Mon expérience olfactive et gustative de la plante m’a donc fourni des informations supplémentaires que je n’aurais pas saisies dans un livre. Et, par magie, ces informations-là restent gravées dans ma mémoire; je ne suis pas prête de les oublier !

Les mécanismes d’action

Moi, je n’aime pas apprendre par coeur, je n’ai pas envie de mémoriser des informations sans comprendre pourquoi. J’ai besoin de savoir comment la plante agit et par quels moyens cela pourrait être possible.

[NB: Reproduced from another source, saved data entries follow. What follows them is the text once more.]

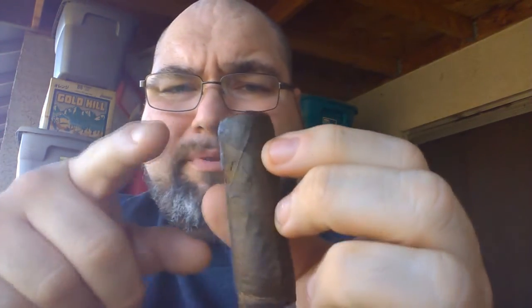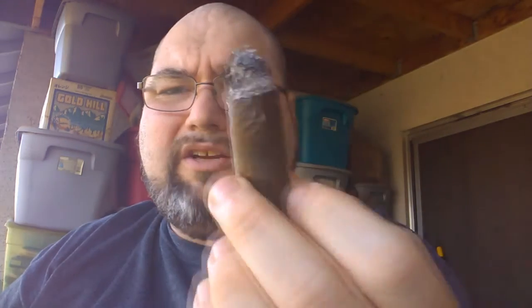Welcome back everybody for the final third of our review today — the Gurkha Titan 6x60. In the final third the flavors really haven't changed much; they're about the same as the second third. But at this point it's going more from a medium to a full cigar. The construction is holding up pretty well — starting to see a little bit of separation on the wrapper, but nothing too bad, and the ash is holding.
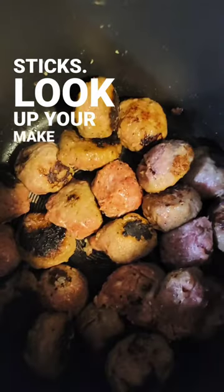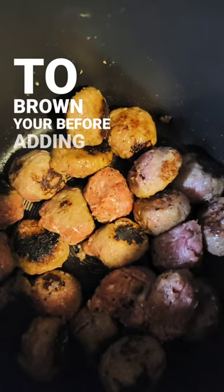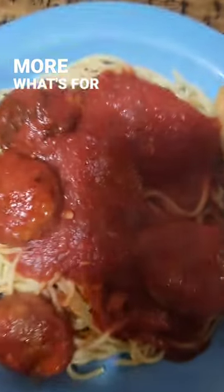Hook up your balls — make sure to brown your balls before adding the tomato sauce. Add your tomato sauce to your balls, season up your sauce. Make sure to like and subscribe for more what's for dinner shorts.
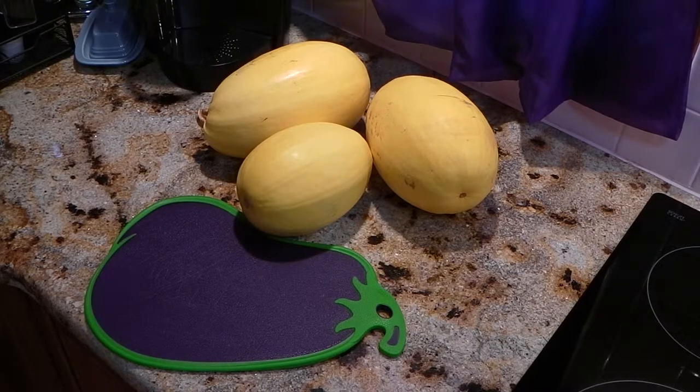Today we're going to be making spaghetti out of spaghetti squash. The advantages of using a squash are that it's high in vitamin A, fiber, as well as vitamin C, and you don't have gluten like you'd get in a lot of different pastas.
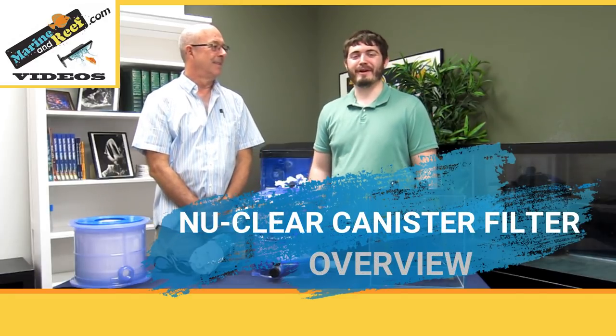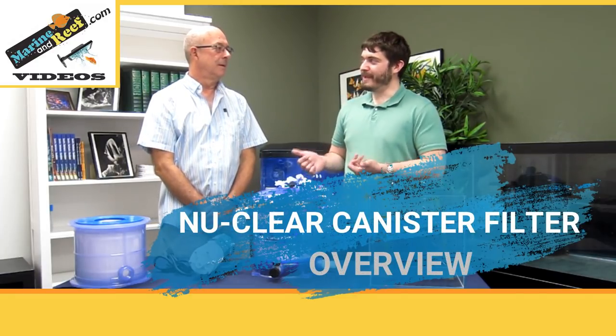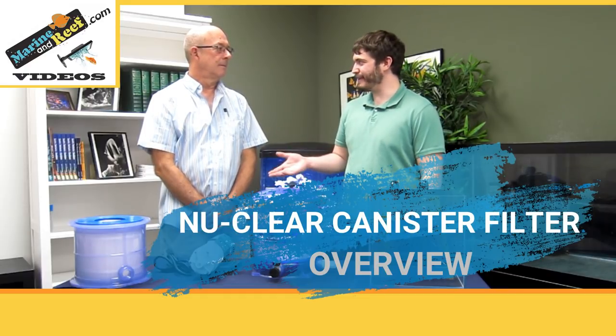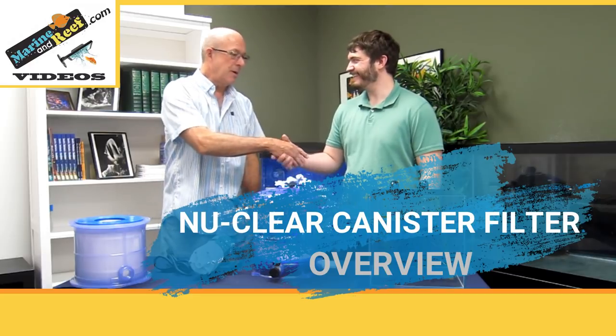Hello everybody. This is Jaren from MarineandReef.com. Today we have a guest with us. This is Paul from Nuclear Filters. Thank you for coming, Paul. We appreciate it. Thank you, Jaren. It's a pleasure to be here.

La phytochimie permet de savoir ce qui se cache dans l’invisible, c’est un élément d’information complémentaire à l’usage traditionnel de la plante. Et, il permet de se faire une idée probable des mécanismes d’actions qui se passent entre la plante et notre corps.

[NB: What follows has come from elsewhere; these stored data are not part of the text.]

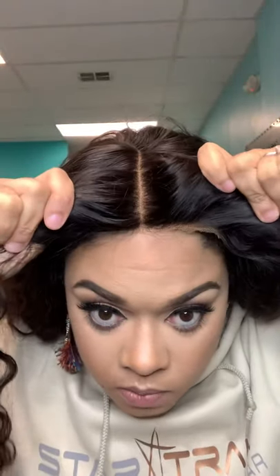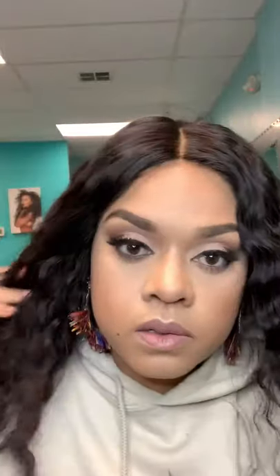Once you put it on, it's not going to look right immediately. I need to adjust this and make sure my wig grip is covered on the sides. It feels very secure right now.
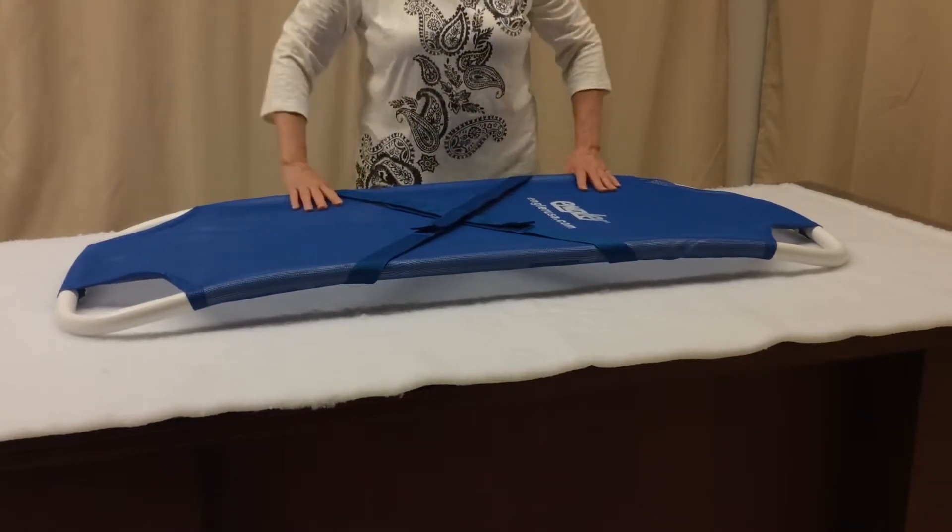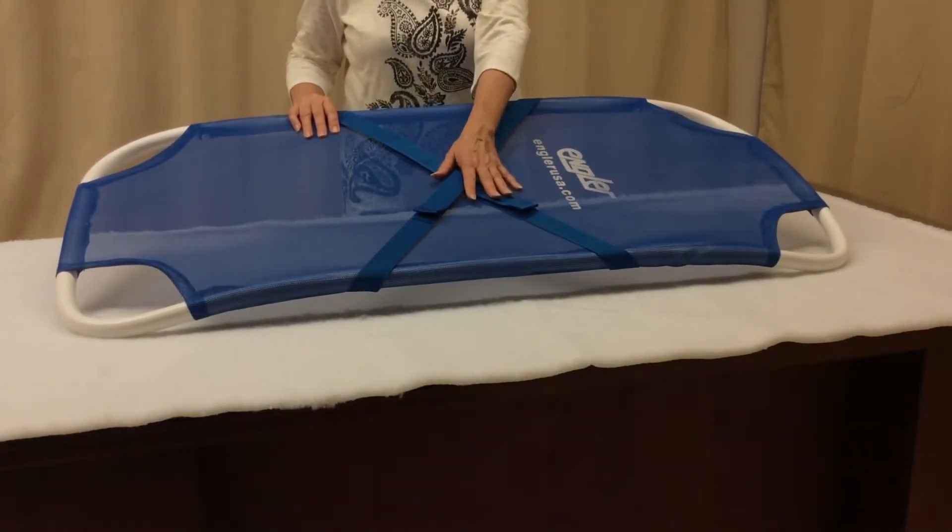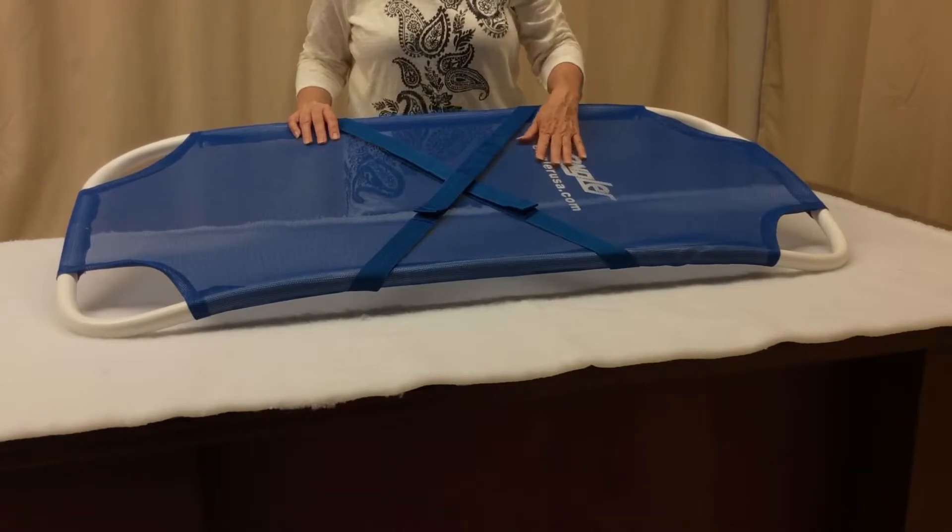Because it is also radiolucent, you can easily x-ray your patient while on the stretcher, and you can even perform surgeries and dentals.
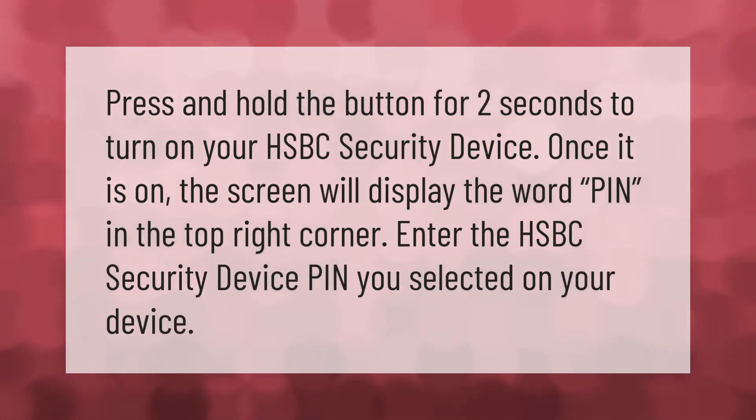Press and hold the button for two seconds to turn on your HSBC security device. Once it is on, the screen will display the word 'PIN' in the top right corner. Enter the HSBC security device PIN you selected on your device.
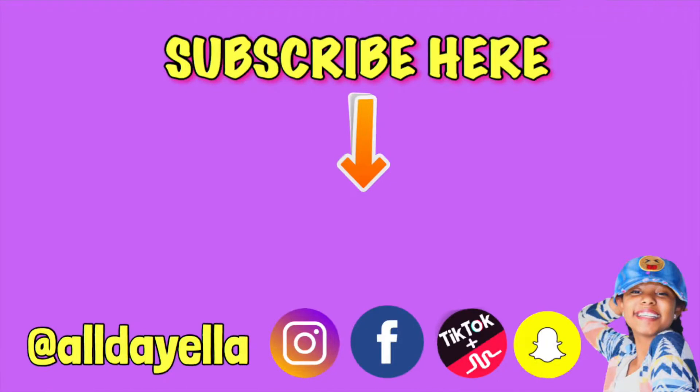Thank you so much for watching this YouTube video. Don't forget to subscribe and like, and don't forget to share with all your friends. Love you!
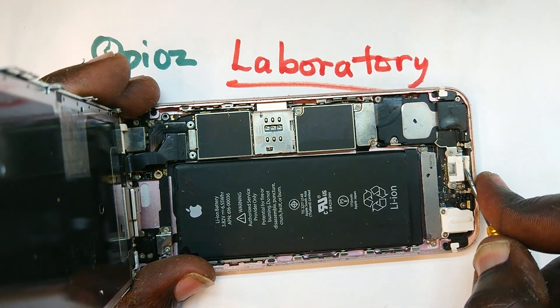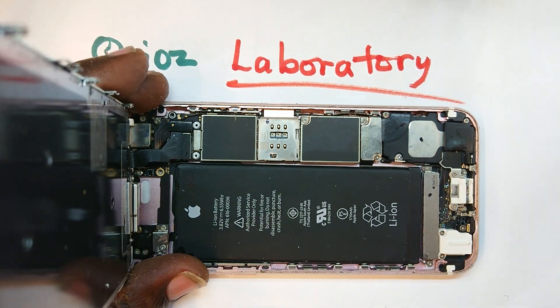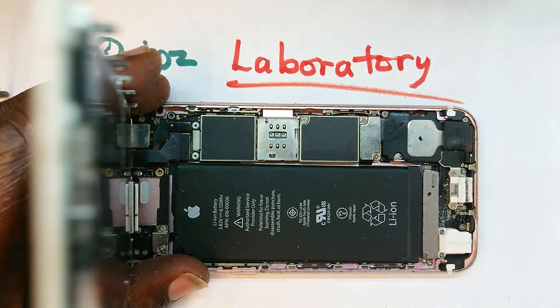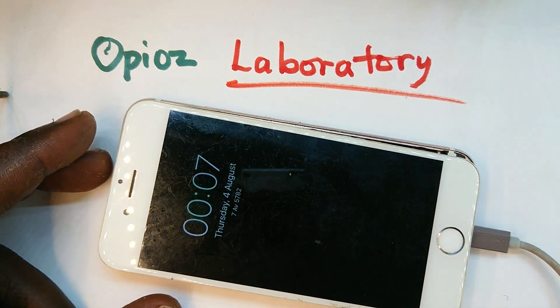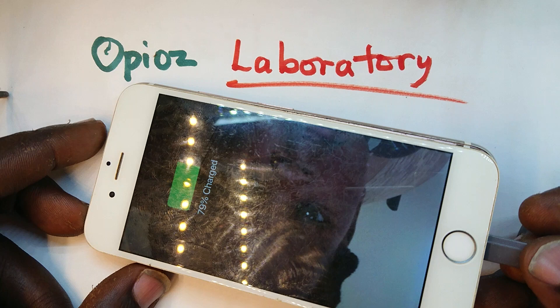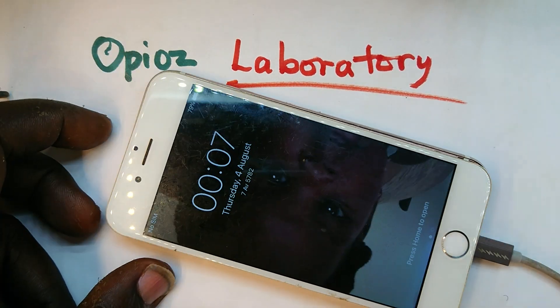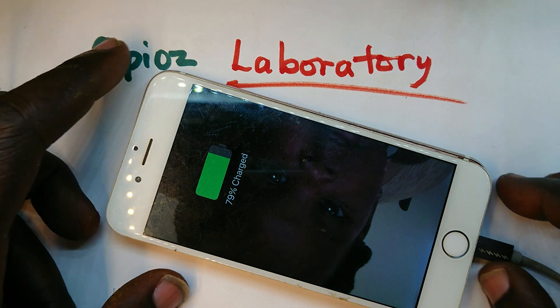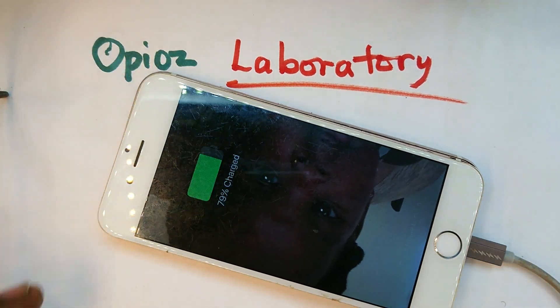I'm going to simply squeeze this down to narrow the port, and that should do the trick. Let me bring it and plug in and see if it responds immediately. No need to hold it — plug it — first time it accepts, and we have solved the problem.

La camomille allemande (Matricaria chamomilla) contient des mucilages et d’autres composantes anti-inflammatoires comme le bisabolol, la matricine et le chamazulène. Les mucilages absorbent l’eau et forment une couche de protection sur les tissus; il sont enrobants et apaisants. Quelques exemples de plantes riches en mucilages sont les graines de chia, graines de lin, gel d’aloès, racines de guimauve; elles forment des gels gluants dans l’eau. La camomille allemande n’est pas la plante qui en contient le plus, mais sachant qu’elle en contient, on peut imaginer que cela aide à apaiser l’inflammation. Les autres molécules anti-inflammatoires se retrouvent dans l’huile essentielle, une huile d’un bleu vif et surprenant. Cette huile est d’ailleurs utilisée dans certains produits post-épilatoires, car elle peut soulager la peau qui est à vif. On peut donc supposer qu’elle serait bénéfique en cas d’ulcères.

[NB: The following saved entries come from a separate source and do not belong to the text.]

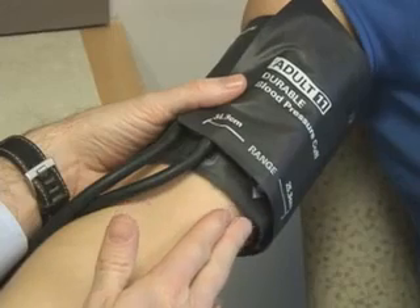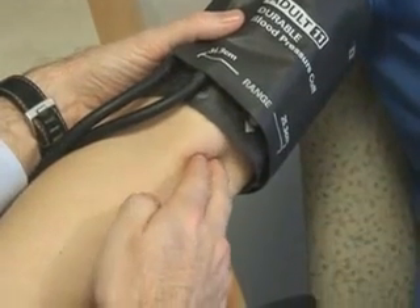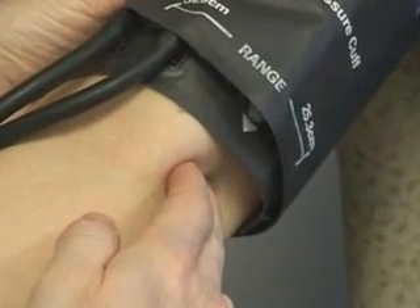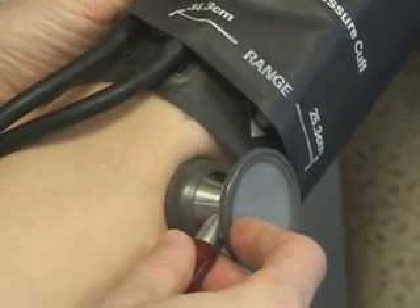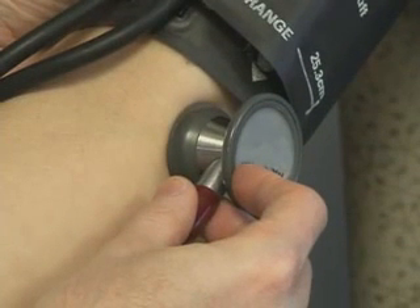Find the brachial artery, which is palpable approximately four to five centimeters from the medial epicondyle on the anterior surface of the elbow. Place the stethoscope lightly against the skin over the brachial artery with appropriate pressure to ensure good sound transmission. The stethoscope should not be in contact with clothing or with the cuff.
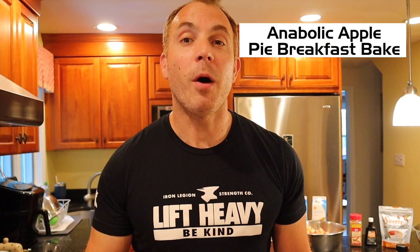We're back inside my kitchen today and we are revisiting a classic. We are diving back into the Coach Greg Doucette Ultimate Anabolic Cookbook 2.0 and taking a look at the Anabolic Apple Pie Breakfast Bake. To all my early followers out there, you know that this was one of my favorite recipes from the cookbook. It is fantastic.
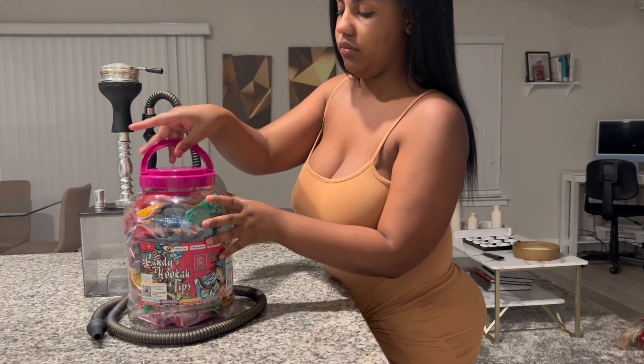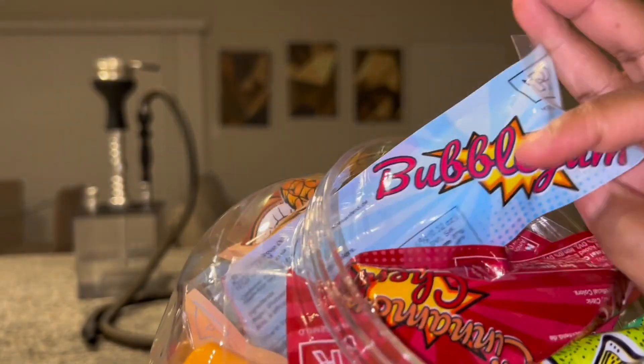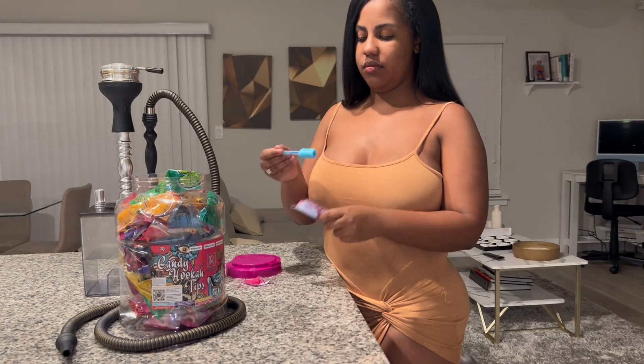Hi y'all, let me tell y'all about Candy Hookah Tips. They have so many different flavors to choose from. I went ahead and chose the bubblegum flavor, tried it out, and it tasted so good.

Huile essentielle de camomille allemande bleue
Huile essentielle de camomille allemande

La grande camomille (Tanacetum parthenium) contient des lactones sesquiterpéniques et une huile essentielle camphrée. L’action anti-inflammatoire est donc tout à fait différente. Les principes actifs de la grande camomille agissent sur le foie et sur les neurotransmetteurs. Pour les migraines, des investigations mènent à penser qu’une augmentation soudaine de sérotonine serait en cause. D’ailleurs, les antidépresseurs qui entraînent une hausse de la sérotonine provoque des maux de tête chez les personnes sujettes aux migraines. La sérotonine en excès causerait une vasodilatation des petites artères dans la tête, créant une sensation de pression. Hors, il a été démontré que les principes actifs de la grande camomille diminuent la sécrétion de sérotonine. C’est donc par ce mécanisme qu’elle aiderait à prévenir les migraines.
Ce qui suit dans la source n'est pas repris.